As of #288, semantic segmentation is doable using dlib. However, I suppose that having the information of the early layers directly available at the later layers should improve accuracy. I'm thinking of essentially DenseNet, or at least something similar.
Apparently some implementation exists already, but it's not public. To me it sounds like massive waste of time if we all implement our own thing, so would love the idea of (again) having a public(-domain) example, e.g. on top of #943.
@davisking, you indicated here that you'd be adding some implementation. Are you still planning to do this? If yes, then I'd prefer to wait for your implementation. If not, then I might try and see if I can contribute something myself, using the building blocks that dlib already offers.

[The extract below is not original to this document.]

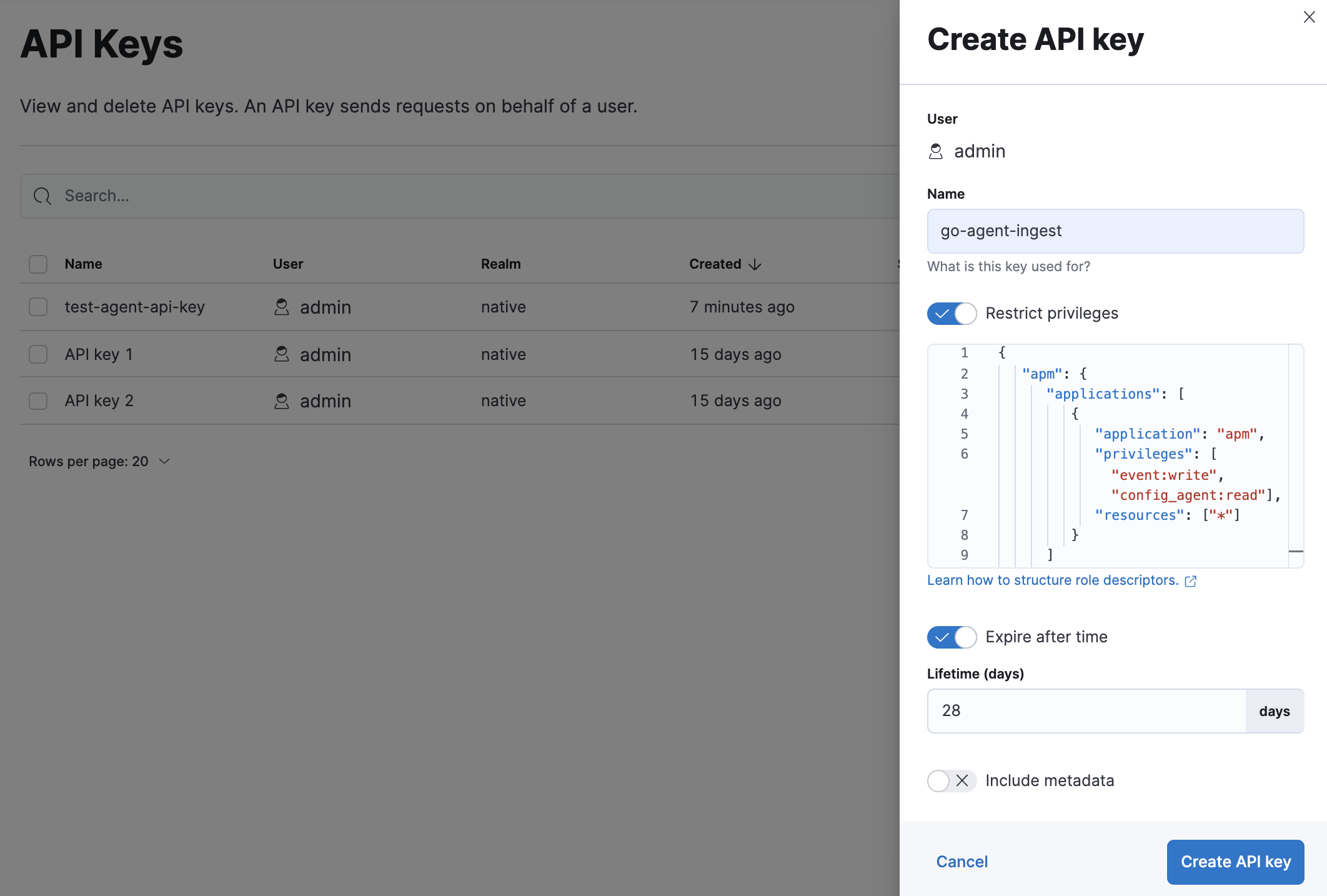 API key copy base64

I never ended up making a densenet layer. I refactored some of dlib's code and the interface of the tensor_conv object so that it was possible to implement it though. So the remaining steps should be relatively easy (but still tedious since testing these kinds of things is always tedious).

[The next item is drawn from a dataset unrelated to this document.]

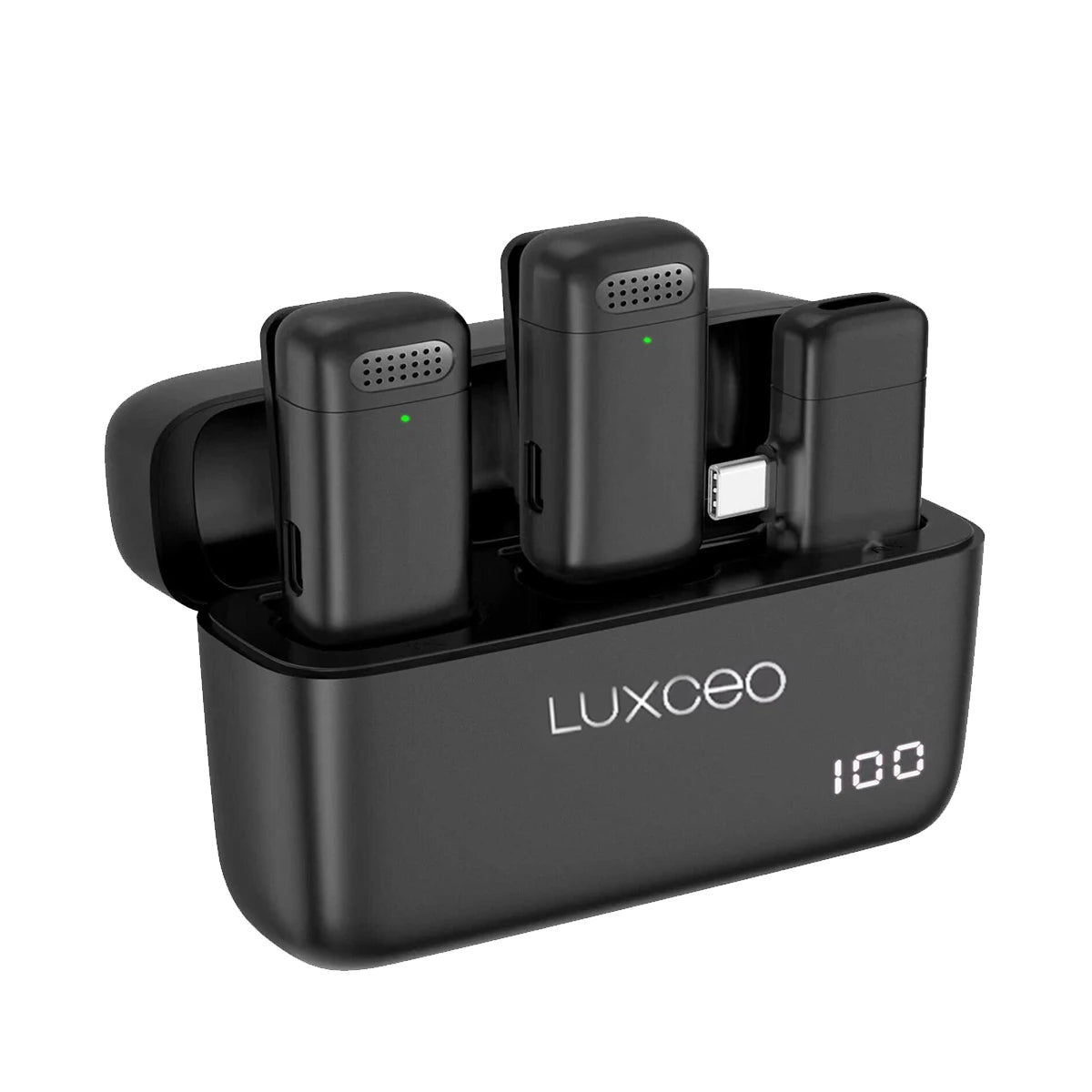 Microfone de Lapela Sem Fio Luxceo Lux6 para iPhone e Android com Case de Carregamento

But in any case, I think you should be able to make a layer that contains multiple tensor_conv objects.
I take it then that I can't use the concat layer to build a densenet?
Not efficiently. You should write a custom layer that does it.
Warning: this issue has been inactive for 131 days and will be automatically closed on 2018-09-07 if there is no further activity.
If you are waiting for a response but haven't received one it's likely your question is somehow inappropriate. E.g. you didn't follow the issue submission instructions, or your question is easily answerable by reading the FAQ, dlib's documentation, or a Google search.
Still relevant. Leaving this comment, so that the issue will not be automatically closed.
Indeed. I'm adding a tag that will prevent the issue bot from closing it.
Hi, just wanted to express my interest in this, has anything been implemented?
I am looking to use dlib to try to reproduce the u-net results.

If nothing has been worked on, I can try to take a look into it (I am new to the codebase, so will take me a while).
You should be able to define a new layer that represents a dense block.
You can probably do it using the tensor_conv object and not need to talk
directly do cudnn or anything like that.
@goldbattle I have implemented U-net, and already for a while I've been wanting to upgrade the semantic-segmentation example (see #943) to use it (even though the accuracy benefit may not be incredibly high). So stay tuned. (This got delayed because I wanted to try DenseNet also, but maybe I'll leave that to a separate PR, and try to expedite a U-net PR.)
@davisking For inference of arbitrary images, I found it necessary to add a new resize_to_prev layer which, well, resizes a tensor to have the size of an earlier layer. Otherwise I had an issue when first downscaling and then upscaling – the sizes simply did not match.
Just to clarify, I meant that using U-net might not improve the results of the PASCAL VOC 2012 dataset (used in #943) a lot. But on certain other data that I've tried it on (not public), it's pretty good (compared to something that doesn't have such skip connections, that is).
Makes sense, resize_to_prev sounds useful :)
Not efficiently. You should write a custom layer that does it.
Is this still relevant? I have implemented all the DenseNet architectures from the paper and ran a small benchmark against the official PyTorch implementation of DenseNet121 with a 1x3x224x224 input tensor:
| | inference | fps | #params | VRAM |
|:-------:|-----------|--------|-----------|---------|
| dlib | 12.282 ms | 81.417 | 7,897,960 | 534 MiB |
| PyTorch | 23.246 ms | 43.018 | 7,978,856 | 669 MiB |
As you can see, dlib implementation is almost as twice as fast as PyTorch and uses about 20% less RAM.
I know this is a simple test, but still, how much can we expect by implementing a custom layer?
_PS: Note how compact dlib is to define these networks. It's so satisfying..._
Great work @arrufat! 💪
From my point of view, your example implementation in dlib-users/dnn meets the definition-of-done criteria for this issue (although I didn't try it out just yet), so I'm closing this ticket now.
Indeed feature requests like this one could in the future go there instead?
Whoever needs a custom layer (for performance or other reasons) can create a new ticket. :)
Yeah, that’s a good way to do it.
Most helpful comment
@goldbattle I have implemented U-net, and already for a while I've been wanting to upgrade the semantic-segmentation example (see #943) to use it (even though the accuracy benefit may not be incredibly high). So stay tuned. (This got delayed because I wanted to try DenseNet also, but maybe I'll leave that to a separate PR, and try to expedite a U-net PR.)
@davisking For inference of arbitrary images, I found it necessary to add a new
resize_to_prevlayer which, well, resizes a tensor to have the size of an earlier layer. Otherwise I had an issue when first downscaling and then upscaling – the sizes simply did not match.